So, like, I’m working in Microsoft Excel 2016; having an office 365 subscription and it frequently freezes on “all” my machines. JAWS goes quiet and I can’t even get narrator to turn on at this point.
Perhaps VFO Group’s President and CEO, Tom Tiernan, Vice President of Software Product Management, Eric Damery, or Vice President of Enterprise Services, Matt Ater could figure out what’s going on with JAWS and fix the damn thing. After all; according to information provided online, “VFO is a leading global accessibility solutions provider with the VFO brands, Freedom Scientific, Optelec, and Ai Squared, having a long history of developing and providing innovative assistive technology solutions.”
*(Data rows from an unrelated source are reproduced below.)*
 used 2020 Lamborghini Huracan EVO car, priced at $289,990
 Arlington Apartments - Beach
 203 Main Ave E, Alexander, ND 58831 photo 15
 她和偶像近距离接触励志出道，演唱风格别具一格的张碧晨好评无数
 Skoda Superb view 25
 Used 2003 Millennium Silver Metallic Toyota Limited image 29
In the audio file provided above I reference the Excel sheet I use for doing my bills. It is a multi-sheet file, however, it’s not the only one I work with and the behavior is always the same.
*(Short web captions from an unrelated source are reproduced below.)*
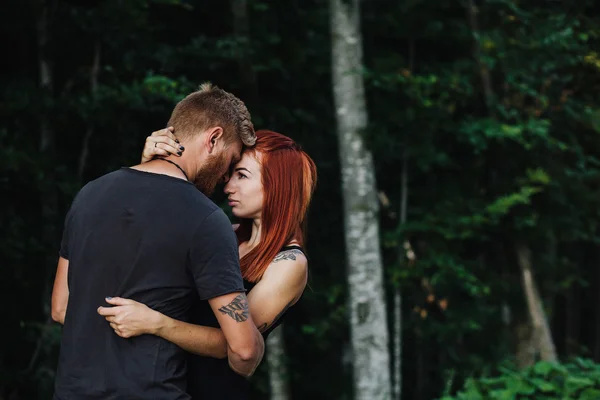 Vackra par på bakgrunden av skog — Stockfoto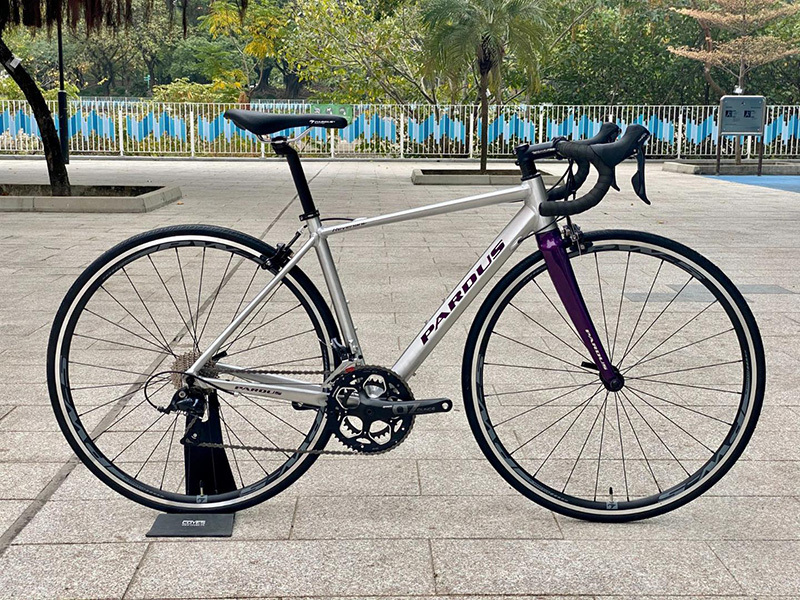 Pardus Revenant With Shimano Sora 鋁合金公路車 銀紫色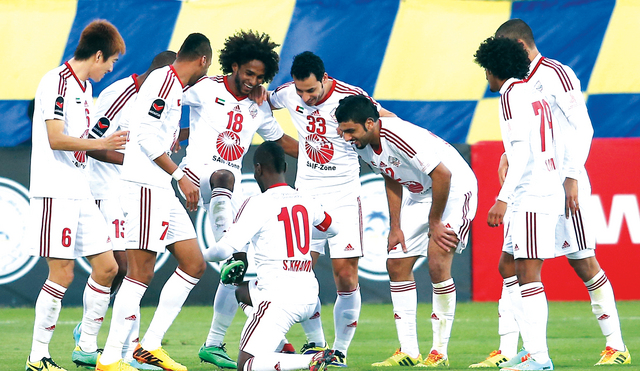 "نجوم الشارقة وطقوس خاصة في الاحتفال بالأهداف البيان"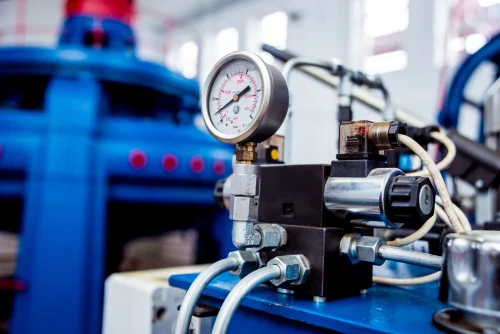 yüksek basınç kompresör arızaları için basınç göstergesi detayı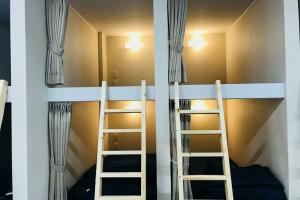 One Hostel&Standing Bar, Химедзи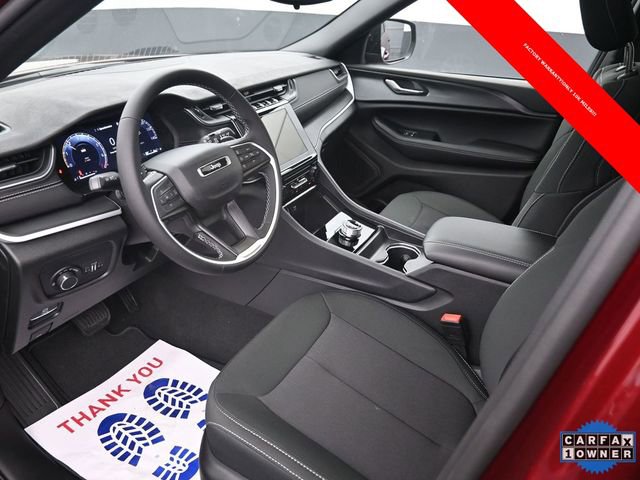 Used 2024 Jeep Grand Cherokee L Laredo AWD/4WD image 10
When working in Excel for the first five minutes or so; things function normally. But after that it all goes to hell and I get the honor of spending the next five minutes attempting to gain some semblance of control over my Windows 10 powered computers.
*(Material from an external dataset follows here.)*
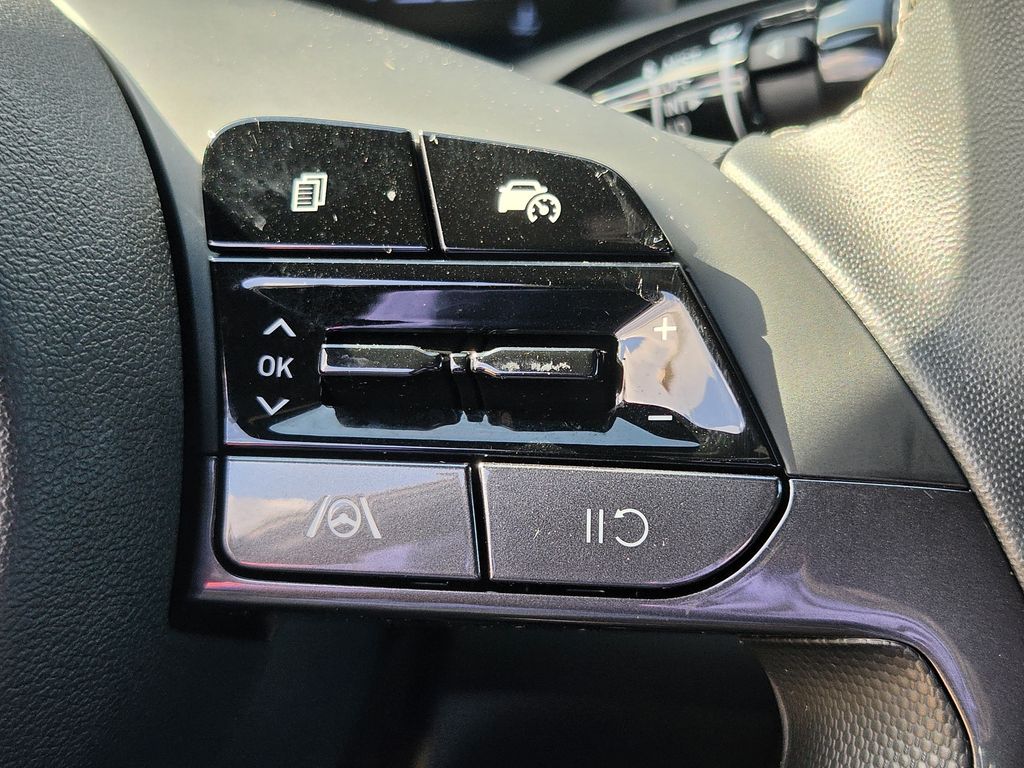 Used 2026 Ecotronic Gray Hyundai SEL Sport image 22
It seems to me that this freezing problem between JAWS and Excel is triggered when I arrow to the right after one of my entries in a Column has been automatically completed by the Excel program. It’s happened when I’ve arrowed up or down, too. However, it would seem that the auto completion in Excel is definitely the trigger.
I’ve tested Narrator in Excel and it doesn’t give me the grief that JAWS does. So, “Yeah,” even this non-software programmer has enough brains to know that the problem definitely has to do with the way “JAWS” interacts with Excel.
I didn’t start having trouble with Excel and JAWS until I upgraded to Version 18.0.2945. I’d go back to an earlier version. But, having already taken the Windows 10 Creator download I’m stuck with things as they are. If Narrator had better voices I’d use that and just say the hell with it.
But, I’ve been giving my money to the creators of JAWS for over a decade and a half and expect that the developers providing me with this innovative assistive technology, “For A Fee,” will come up with a solution, soon. That is what I pay them for, “Right?”
I would call VFO Tech support for assistance with this issue. However, I’m certain that if they didn’t try to get me to call the Microsoft Accessibility number; we would have a conversation that pretty much leaves me, and more than likely, other people like me, in the position I’m at with it right now. “Nowhere.”